Work task:
Give back exactly the lines of the data below, starting with the line that has "ampul simgesinin vektör illüstrasyonu" and going on through the line that has "CLICKS specials - From".

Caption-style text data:

=-=-=-=-=

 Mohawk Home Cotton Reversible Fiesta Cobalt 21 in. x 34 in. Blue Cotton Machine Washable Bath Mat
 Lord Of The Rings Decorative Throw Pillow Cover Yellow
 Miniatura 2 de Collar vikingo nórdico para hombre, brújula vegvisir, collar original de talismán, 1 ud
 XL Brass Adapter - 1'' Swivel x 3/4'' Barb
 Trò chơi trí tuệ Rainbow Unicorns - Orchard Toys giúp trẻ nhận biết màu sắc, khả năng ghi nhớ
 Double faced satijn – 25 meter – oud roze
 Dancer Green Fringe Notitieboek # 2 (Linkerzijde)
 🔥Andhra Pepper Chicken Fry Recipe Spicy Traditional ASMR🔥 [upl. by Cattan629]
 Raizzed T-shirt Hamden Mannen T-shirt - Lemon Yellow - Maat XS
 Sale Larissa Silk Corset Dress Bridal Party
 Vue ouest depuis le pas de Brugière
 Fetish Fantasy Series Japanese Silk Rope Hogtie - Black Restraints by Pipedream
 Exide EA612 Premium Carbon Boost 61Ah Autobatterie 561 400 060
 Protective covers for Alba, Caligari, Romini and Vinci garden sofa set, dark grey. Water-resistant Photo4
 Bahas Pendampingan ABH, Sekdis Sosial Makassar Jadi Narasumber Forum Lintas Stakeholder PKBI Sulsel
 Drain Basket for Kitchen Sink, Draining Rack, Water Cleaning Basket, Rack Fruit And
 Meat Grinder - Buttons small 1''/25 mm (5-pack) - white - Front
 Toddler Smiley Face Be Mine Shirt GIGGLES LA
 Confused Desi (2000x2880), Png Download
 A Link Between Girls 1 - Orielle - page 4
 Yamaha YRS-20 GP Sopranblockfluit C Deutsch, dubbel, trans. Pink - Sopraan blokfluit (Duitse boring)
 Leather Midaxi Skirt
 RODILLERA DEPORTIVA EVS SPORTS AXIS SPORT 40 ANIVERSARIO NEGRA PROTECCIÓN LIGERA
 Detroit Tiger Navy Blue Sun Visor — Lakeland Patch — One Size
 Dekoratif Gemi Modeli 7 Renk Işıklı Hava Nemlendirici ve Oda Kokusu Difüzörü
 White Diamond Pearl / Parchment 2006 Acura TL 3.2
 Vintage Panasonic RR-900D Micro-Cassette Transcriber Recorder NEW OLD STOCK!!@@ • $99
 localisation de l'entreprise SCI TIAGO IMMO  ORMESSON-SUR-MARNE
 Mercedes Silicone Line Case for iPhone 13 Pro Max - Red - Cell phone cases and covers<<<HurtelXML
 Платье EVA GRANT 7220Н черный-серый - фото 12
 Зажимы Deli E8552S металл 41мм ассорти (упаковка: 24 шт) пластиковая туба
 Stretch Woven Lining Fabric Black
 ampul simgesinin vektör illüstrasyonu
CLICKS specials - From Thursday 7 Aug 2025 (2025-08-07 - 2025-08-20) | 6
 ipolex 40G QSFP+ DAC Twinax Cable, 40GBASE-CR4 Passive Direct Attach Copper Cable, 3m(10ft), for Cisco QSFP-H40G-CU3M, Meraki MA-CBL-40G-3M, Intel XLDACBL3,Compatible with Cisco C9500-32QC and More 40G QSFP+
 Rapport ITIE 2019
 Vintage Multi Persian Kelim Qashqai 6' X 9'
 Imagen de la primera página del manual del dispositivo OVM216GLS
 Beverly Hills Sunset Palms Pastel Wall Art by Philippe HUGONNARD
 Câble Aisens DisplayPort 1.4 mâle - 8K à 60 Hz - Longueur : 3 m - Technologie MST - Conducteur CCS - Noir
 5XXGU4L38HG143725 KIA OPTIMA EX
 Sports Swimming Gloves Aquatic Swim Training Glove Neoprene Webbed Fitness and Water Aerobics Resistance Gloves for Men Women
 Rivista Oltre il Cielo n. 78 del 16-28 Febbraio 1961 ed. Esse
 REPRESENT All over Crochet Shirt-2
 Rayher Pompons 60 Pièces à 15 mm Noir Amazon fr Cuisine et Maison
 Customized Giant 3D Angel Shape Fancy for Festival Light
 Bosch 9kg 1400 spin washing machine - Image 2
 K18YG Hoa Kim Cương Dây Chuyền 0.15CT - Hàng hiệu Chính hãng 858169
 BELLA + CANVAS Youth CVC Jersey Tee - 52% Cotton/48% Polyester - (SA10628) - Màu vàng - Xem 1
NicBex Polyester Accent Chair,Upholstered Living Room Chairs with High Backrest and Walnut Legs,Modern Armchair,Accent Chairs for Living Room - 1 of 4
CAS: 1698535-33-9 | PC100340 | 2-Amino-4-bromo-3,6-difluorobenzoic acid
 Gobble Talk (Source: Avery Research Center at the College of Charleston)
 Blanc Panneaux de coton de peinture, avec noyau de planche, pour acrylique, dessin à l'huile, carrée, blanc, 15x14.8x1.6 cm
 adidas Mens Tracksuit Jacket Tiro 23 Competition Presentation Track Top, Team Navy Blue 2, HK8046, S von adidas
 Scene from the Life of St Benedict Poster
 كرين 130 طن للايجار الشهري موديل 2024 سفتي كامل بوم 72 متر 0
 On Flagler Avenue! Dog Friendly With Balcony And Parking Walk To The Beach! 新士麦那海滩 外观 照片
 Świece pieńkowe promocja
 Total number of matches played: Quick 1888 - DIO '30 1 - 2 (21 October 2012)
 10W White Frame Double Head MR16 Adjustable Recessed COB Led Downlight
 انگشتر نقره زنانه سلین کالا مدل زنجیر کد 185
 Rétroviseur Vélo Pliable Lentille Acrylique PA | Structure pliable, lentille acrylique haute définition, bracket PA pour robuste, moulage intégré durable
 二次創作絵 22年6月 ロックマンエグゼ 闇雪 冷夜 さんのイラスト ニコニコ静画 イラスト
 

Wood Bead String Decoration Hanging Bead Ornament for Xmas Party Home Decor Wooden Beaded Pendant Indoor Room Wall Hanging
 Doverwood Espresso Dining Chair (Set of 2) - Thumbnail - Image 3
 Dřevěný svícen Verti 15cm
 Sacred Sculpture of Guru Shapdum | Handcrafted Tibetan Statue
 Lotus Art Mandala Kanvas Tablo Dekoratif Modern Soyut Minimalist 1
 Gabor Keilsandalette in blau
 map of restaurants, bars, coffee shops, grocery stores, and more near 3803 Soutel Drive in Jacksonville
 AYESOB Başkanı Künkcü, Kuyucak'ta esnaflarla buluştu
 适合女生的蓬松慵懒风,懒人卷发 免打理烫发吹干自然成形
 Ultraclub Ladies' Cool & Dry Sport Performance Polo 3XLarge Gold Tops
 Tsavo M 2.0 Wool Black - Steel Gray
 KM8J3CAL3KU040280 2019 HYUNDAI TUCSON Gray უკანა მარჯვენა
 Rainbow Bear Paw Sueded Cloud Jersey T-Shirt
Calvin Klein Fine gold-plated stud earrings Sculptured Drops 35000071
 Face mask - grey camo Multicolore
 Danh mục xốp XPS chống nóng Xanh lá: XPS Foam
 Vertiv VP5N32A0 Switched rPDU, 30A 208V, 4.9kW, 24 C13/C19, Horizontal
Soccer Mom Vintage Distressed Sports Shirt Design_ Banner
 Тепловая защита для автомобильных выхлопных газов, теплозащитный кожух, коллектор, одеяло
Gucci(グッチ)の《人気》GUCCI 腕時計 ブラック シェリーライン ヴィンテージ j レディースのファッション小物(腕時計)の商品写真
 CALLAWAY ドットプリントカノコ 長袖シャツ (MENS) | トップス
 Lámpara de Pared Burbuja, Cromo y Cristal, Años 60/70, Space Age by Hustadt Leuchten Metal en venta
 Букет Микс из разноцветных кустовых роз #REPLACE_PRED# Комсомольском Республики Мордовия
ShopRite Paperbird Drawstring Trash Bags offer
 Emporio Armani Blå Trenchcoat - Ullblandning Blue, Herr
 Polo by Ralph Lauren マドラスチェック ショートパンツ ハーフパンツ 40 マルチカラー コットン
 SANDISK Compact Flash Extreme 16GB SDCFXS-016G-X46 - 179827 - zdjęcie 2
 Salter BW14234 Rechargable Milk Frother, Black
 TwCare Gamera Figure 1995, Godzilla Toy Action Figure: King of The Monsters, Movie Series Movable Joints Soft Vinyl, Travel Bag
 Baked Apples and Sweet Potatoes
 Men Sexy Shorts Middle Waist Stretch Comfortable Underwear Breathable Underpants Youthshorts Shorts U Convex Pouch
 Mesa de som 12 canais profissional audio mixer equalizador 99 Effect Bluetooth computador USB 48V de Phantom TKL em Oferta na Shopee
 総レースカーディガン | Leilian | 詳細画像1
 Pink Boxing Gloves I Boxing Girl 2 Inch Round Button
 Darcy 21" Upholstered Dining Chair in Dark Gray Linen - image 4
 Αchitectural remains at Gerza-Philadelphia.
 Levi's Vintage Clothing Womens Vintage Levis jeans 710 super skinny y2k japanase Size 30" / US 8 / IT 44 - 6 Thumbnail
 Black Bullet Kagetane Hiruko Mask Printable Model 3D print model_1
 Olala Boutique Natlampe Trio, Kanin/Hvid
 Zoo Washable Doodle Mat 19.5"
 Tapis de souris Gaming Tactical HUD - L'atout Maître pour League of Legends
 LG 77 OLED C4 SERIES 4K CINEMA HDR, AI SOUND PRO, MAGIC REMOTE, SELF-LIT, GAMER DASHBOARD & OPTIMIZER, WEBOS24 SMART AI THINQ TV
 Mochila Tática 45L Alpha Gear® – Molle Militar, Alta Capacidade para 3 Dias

=-=-=-=-=

Answer to this exercise:
 ampul simgesinin vektör illüstrasyonu
CLICKS specials - From Thursday 7 Aug 2025 (2025-08-07 - 2025-08-20) | 6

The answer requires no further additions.